Second, being able to do sport, and enjoy its rewards, is a political right of both women and men, and downplaying or refusing the public acknowledgement of the achievements of women is rather like saying everyone should have a government but only men can vote for it. In some parts of the world, we might remember, women are not allowed to ride a bicycle or go swimming wearing anything less than a tent (quite how 7th century AD strictures on general modesty related to the gender of a bicycle rider is a mystery).

Third, not including women in the symbolic rewards of sport seems to suggest that just being outstanding ( for example people such as Chrissie Wellington, Keri-Anne Payne, Rebecca Adlington and Kath Grainger ) is not enough for women: they also have to be ‘personalities’, a point at which we might wonder, yet again, at the negative impact of the celebrity culture.

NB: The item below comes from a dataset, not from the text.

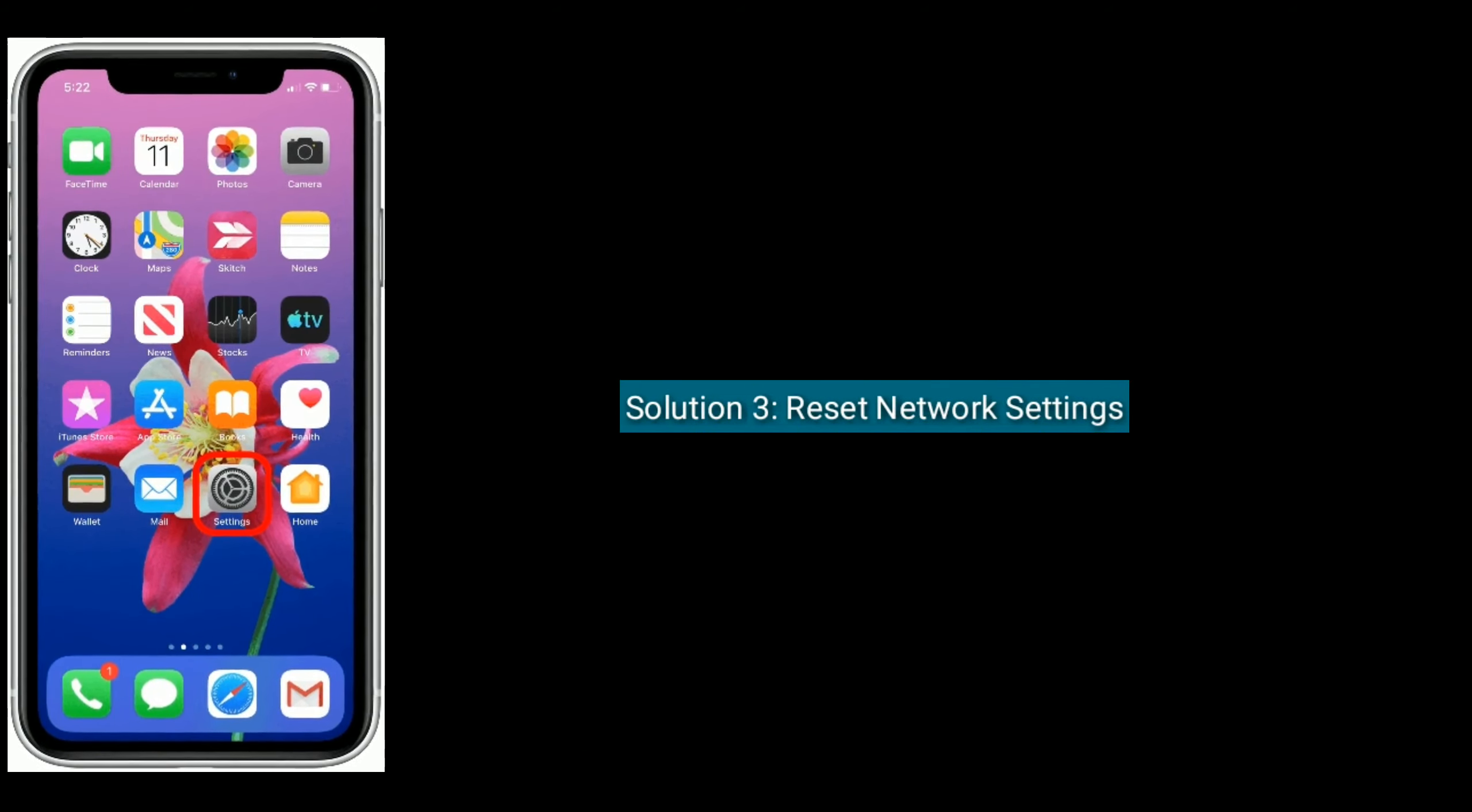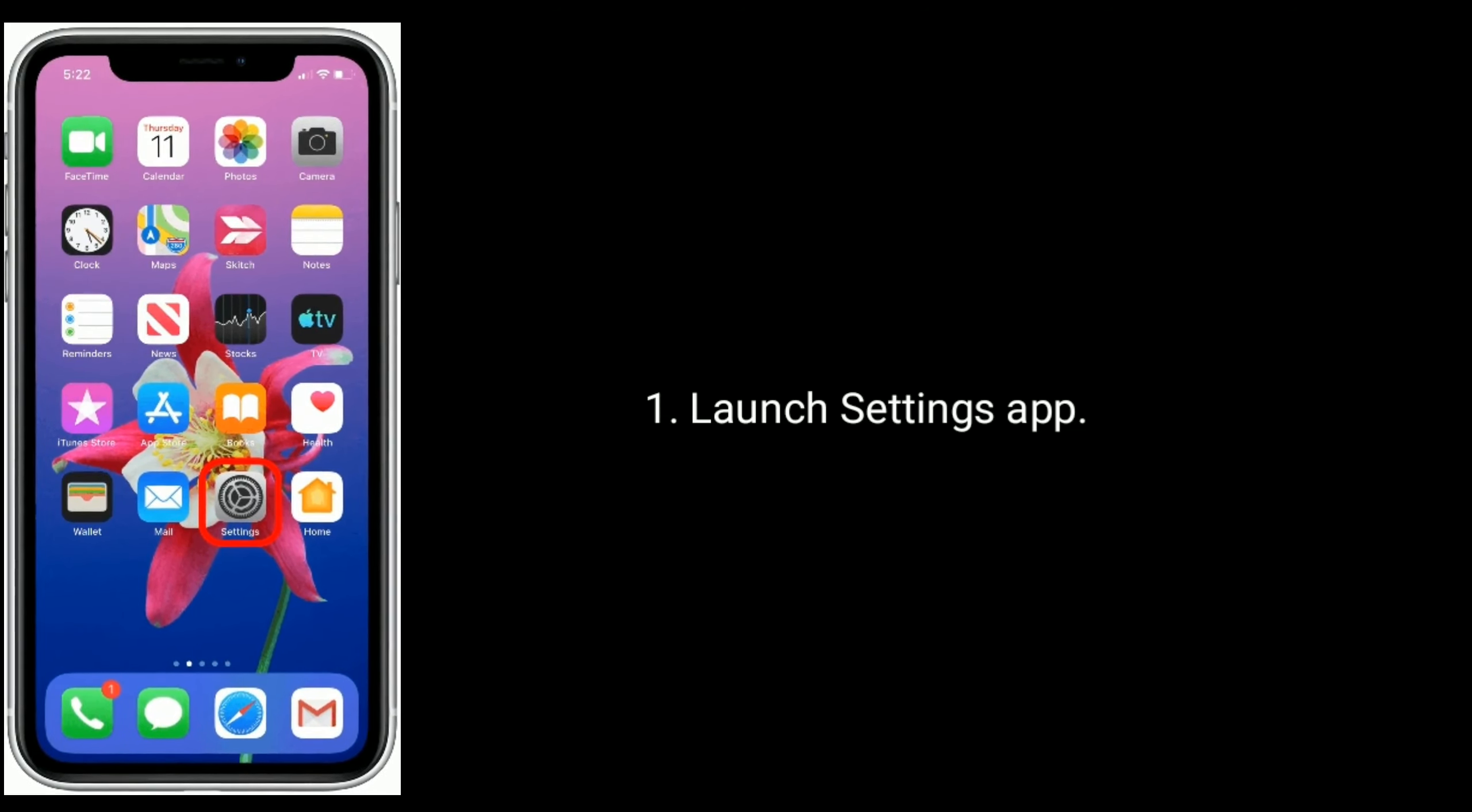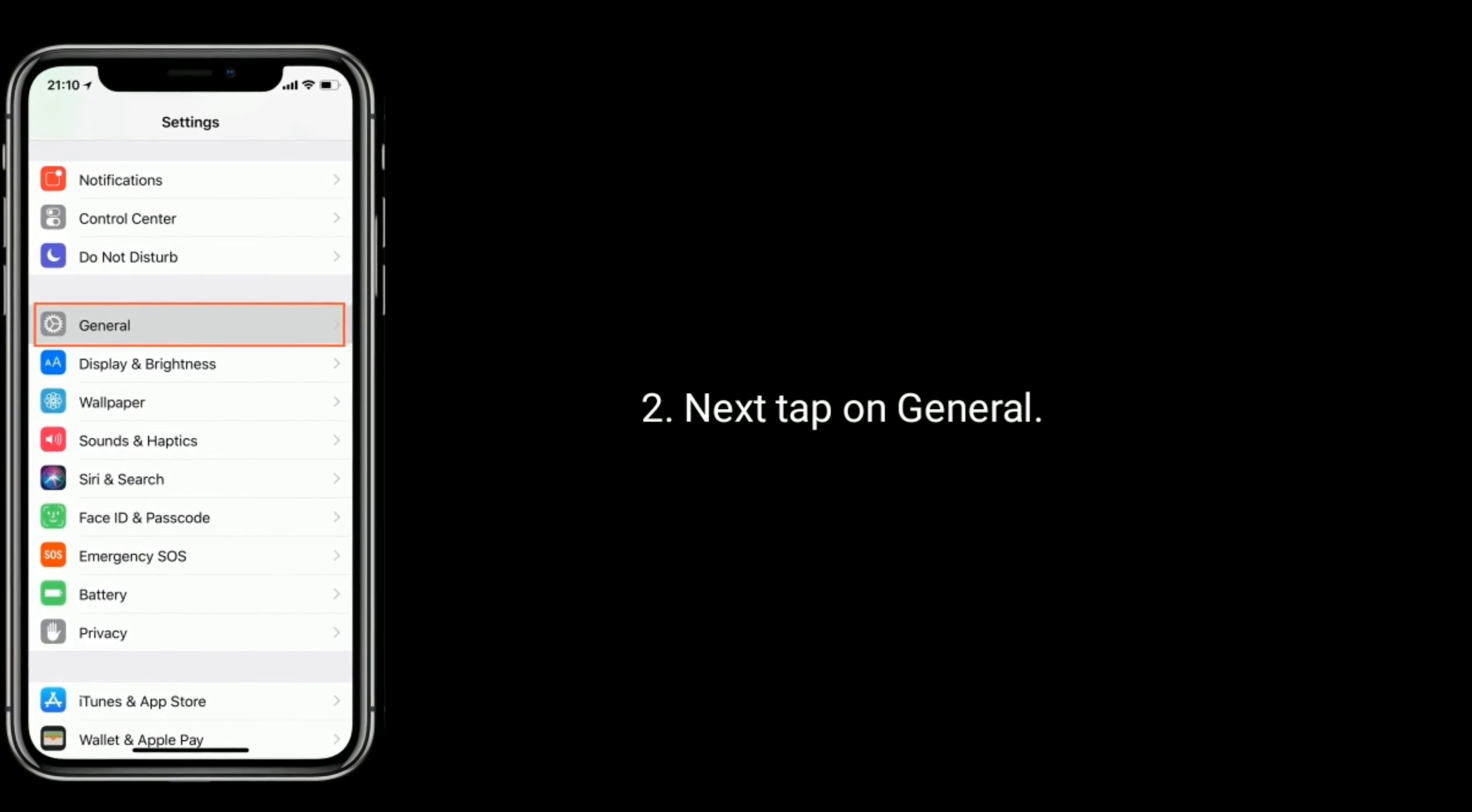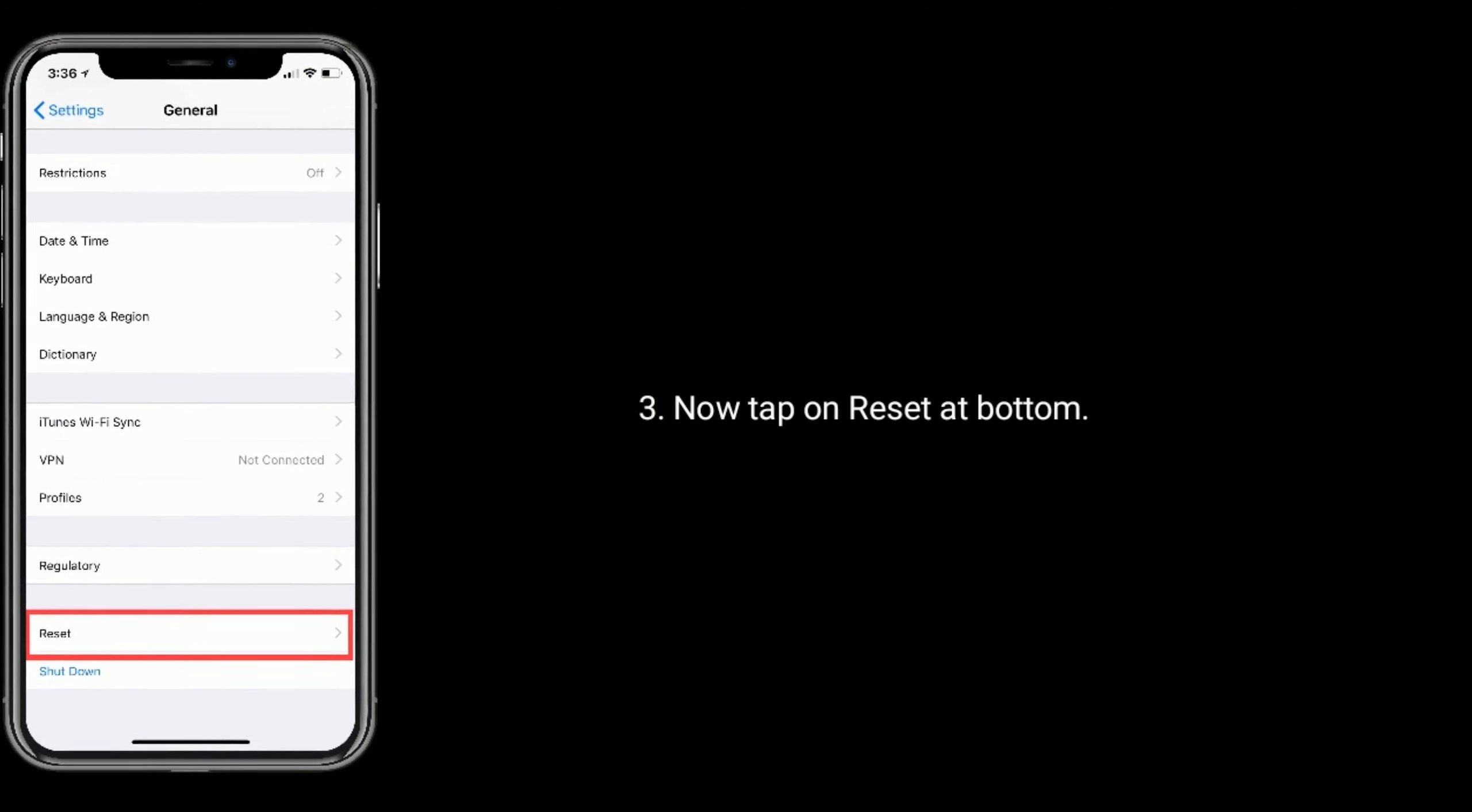Solution 3 is reset network settings. To do that, launch Settings app, next tap on General, now tap on Reset at bottom.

But it is also the point where we might connect the collective refusal of the journalists and editors who submitted suggestions to the shortlist to include women as viable sporting ‘personalities’ with more stringent regimes of the exclusion of women from sport.

The UK allows women to ‘do’ sport, but perhaps at some level there is a subliminal sense that the desirable relationship of women to sport is that of supporting men, and doing so through our own, Western, parodic forms of femininity. It is thus that women are excluded from recognition, because we refuse to acknowledge those relational ways in which the body- in sport as elsewhere – is gendered.

This article was originally published on the British Politics and Policy blog.

Mary Evans is a Centennial Professor at the LSE, based at the Gender Institute. She has written on various aspects of gender and women’s studies and many of those publications have crossed disciplinary lines between the social sciences and the humanities. She was a founding editor of the European Journal of Women’s Studies and is presently working on a study of narratives – and continuities – of class and gender.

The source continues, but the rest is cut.